Juditha, dunque. In tre quadri e un’alternanza spiazzante di voci e suoni. Per i musicofili e i musicologi, spiega Uvietta: “L’interazione fra linguaggi del passato e del presente, spesso per metamorfosi – ma talvolta anche per contrasto – è favorita dalla natura specifica del mio linguaggio musicale, decisamente post-tonale, talvolta persino seriale, ma predisposto al dialogo con la musica modale e tonale, perché da essa si è sviluppato organicamente e progressivamente”.

E visto che il Libro di Giuditta è un testo di testi, ecco che la Montage-Technik transita dalla fonte letteraria alla nuova opera, con un convincente assemblaggio che restituisce al pubblico non solo il plot, la trama, ma un’evoluzione psicologica della protagonista.

“In principio era il muro…” scandisce il commentatore (Ghia stesso)… “Un muro è una linea di confine, una dicotomia: “noi”, i “puri”; “loro”, gli “impuri” e gli “invasori”. Il muro colma anche la distanza tra la terra e il cielo. Come a Babele – ricordate?”. Ma una donna, Juditha appunto (il mezzosoprano Alda Caiello), oltrepasserà il muro che si frappone ancora alla forza brutale del re Nabucodonosor. Una donna, come canta Oloferne, che incarna una doppia natura, portatrice di una duplice e ambigua identità: “la cacciatrice astuta/ va tacita e nascosta/ la preda cacciatrice”.  Le meravigliose cantate “Es ist der alte Bund” e “Wo soll ich fliehen hin?” (BWV 106 e 5) di Bach e perfino una citazione dallo stupendo corale della Passione secondo Matteo – sacro prestato al profano – contrappunta l’impresa della Donna Antica, tra voci anch’esse ambigue (Oloferne ondeggia tra gli acuti del controtenore Danilo Pastore e la voce ombra del baritono Paolo Leonardi) e clangori di percussioni.

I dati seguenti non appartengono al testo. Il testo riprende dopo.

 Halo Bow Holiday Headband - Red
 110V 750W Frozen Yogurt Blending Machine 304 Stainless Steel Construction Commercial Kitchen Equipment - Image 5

Nulla è come sembra, nella notte dove l’amore lascia il posto all’omicidio: e la decapitazione – antico e ancora contemporaneo strumento del Potere contro i deboli – diventa il grido di liberazione della Debolezza, che si riscatta dal lato oscuro e demoniaco della Forza. La scena finale della Donna Dubbiosa accade “notti e anni dopo, senza più alcuna bellezza, i capelli di cenere”. Juditha non assomiglia più alle libere donne di Israele e di Persia, i capelli al vento: è invecchiata e il trionfo della sua lama è un luccichio sempre più fioco. Altri assedi, altre stragi, altri trionfi hanno occupato il corso della storia. E allora ecco il dubbio, finale e radicale: “Un dilemma atroce squarcia i silenzi. Chi guidò l’ira? Fu Dio a servirsi di me? Fui io a servirmi di Dio?... Consolatemi, consolatemi mio popolo…”. Spente le luci dell’inaudito trionfo, resta allora solo una sete umanissima e primordiale: di conforto. Di consolazione. Una spalla su cui piangere. Un volto a cui confidare il dubbio. La risposta al dilemma dell’eroina J. non c’è. O soffia nel vento che, alle donne, scompiglia i capelli.